Image-text web data:
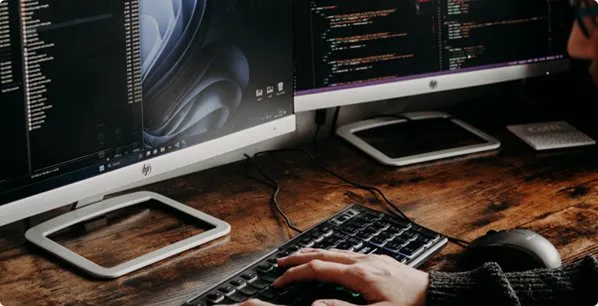 Desenvolvedor programando com dois monitores em ambiente com mesa de madeira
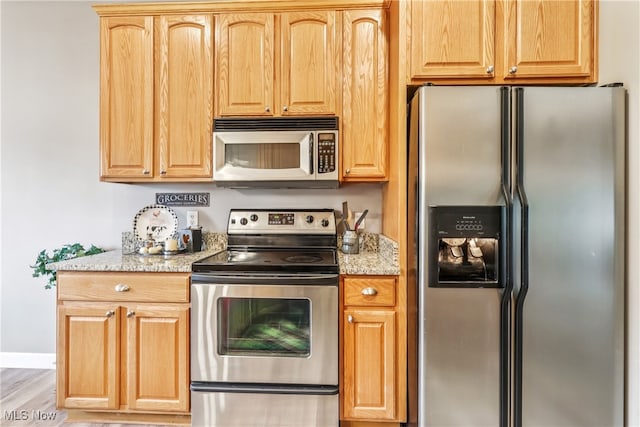 2395 Tremont Ave, Cleveland, OH 44113 - kitchen featuring stainless steel appliances, light stone countertops, light wood-style floors, and light brown cabinets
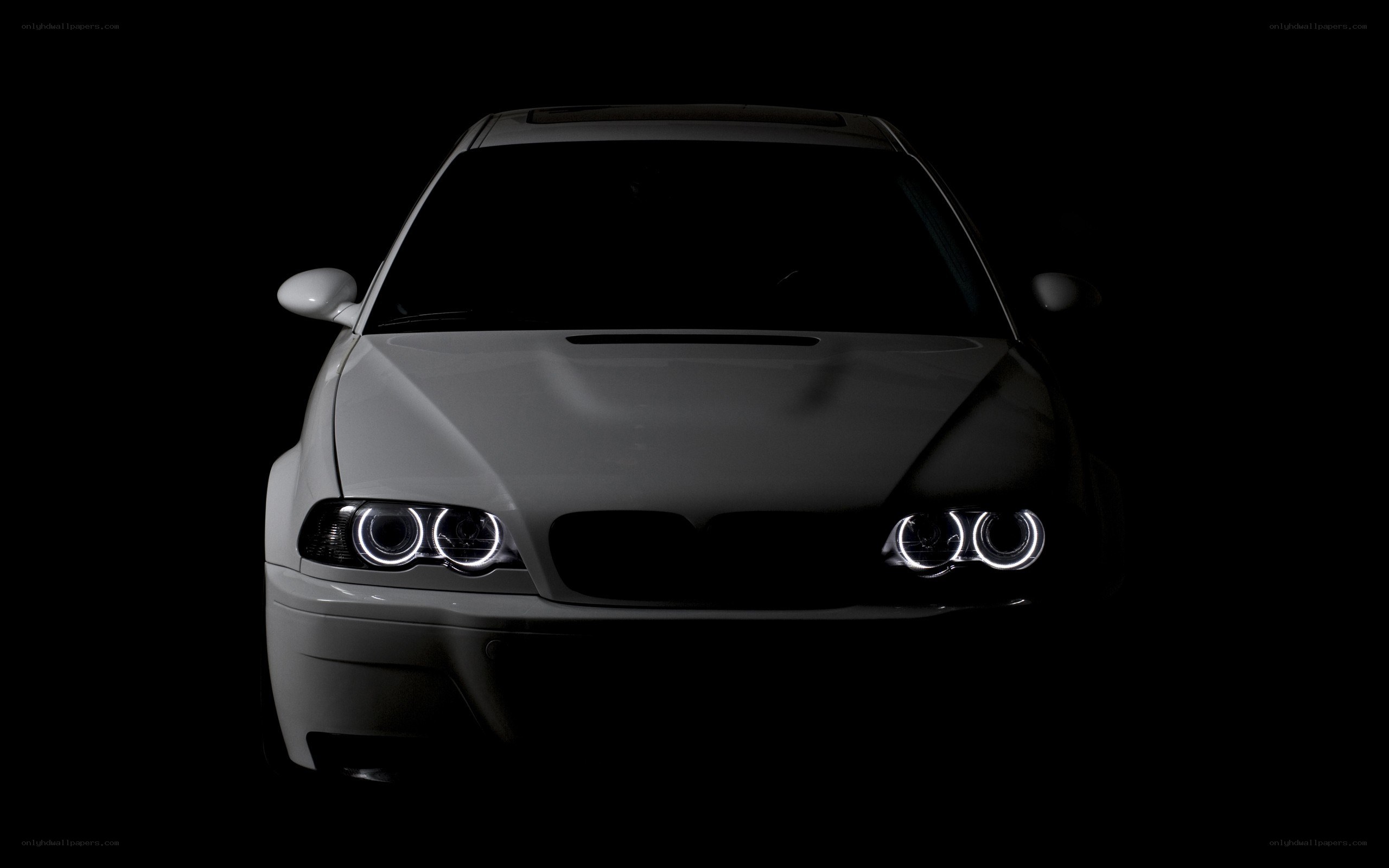 white car with illuminated headlights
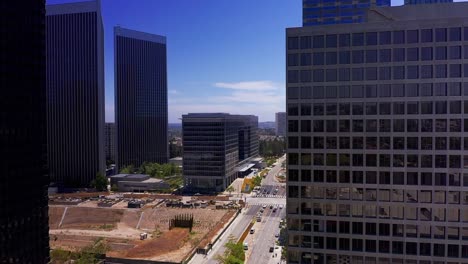 Aerial-descending-shot-flying-through-the-skyscrapers-in-Century-City,-California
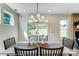 Bright dining room with modern chandelier, table setting, and sliding glass doors leading to outdoor space at 111 Summerhill Dr # 2, Mooresville, NC 28115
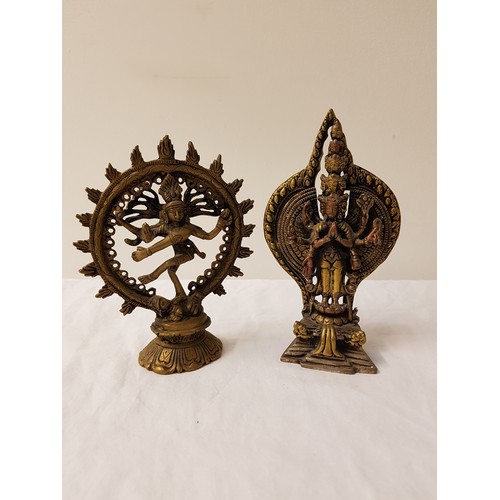 308 - INDIAN BRASS DEITY SHIVA
dancing and in traditional pose, 13.5cm high; together with the brass deity...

> **Your assignment**
Copy every entry above exactly as it stands, but leave the pictures out.

> **Response to this task**
 Desenvolvedor programando com dois monitores em ambiente com mesa de madeira
 2395 Tremont Ave, Cleveland, OH 44113 - kitchen featuring stainless steel appliances, light stone countertops, light wood-style floors, and light brown cabinets
 white car with illuminated headlights
 Aerial-descending-shot-flying-through-the-skyscrapers-in-Century-City,-California
 Bright dining room with modern chandelier, table setting, and sliding glass doors leading to outdoor space at 111 Summerhill Dr # 2, Mooresville, NC 28115
 308 - INDIAN BRASS DEITY SHIVA
dancing and in traditional pose, 13.5cm high; together with the brass deity...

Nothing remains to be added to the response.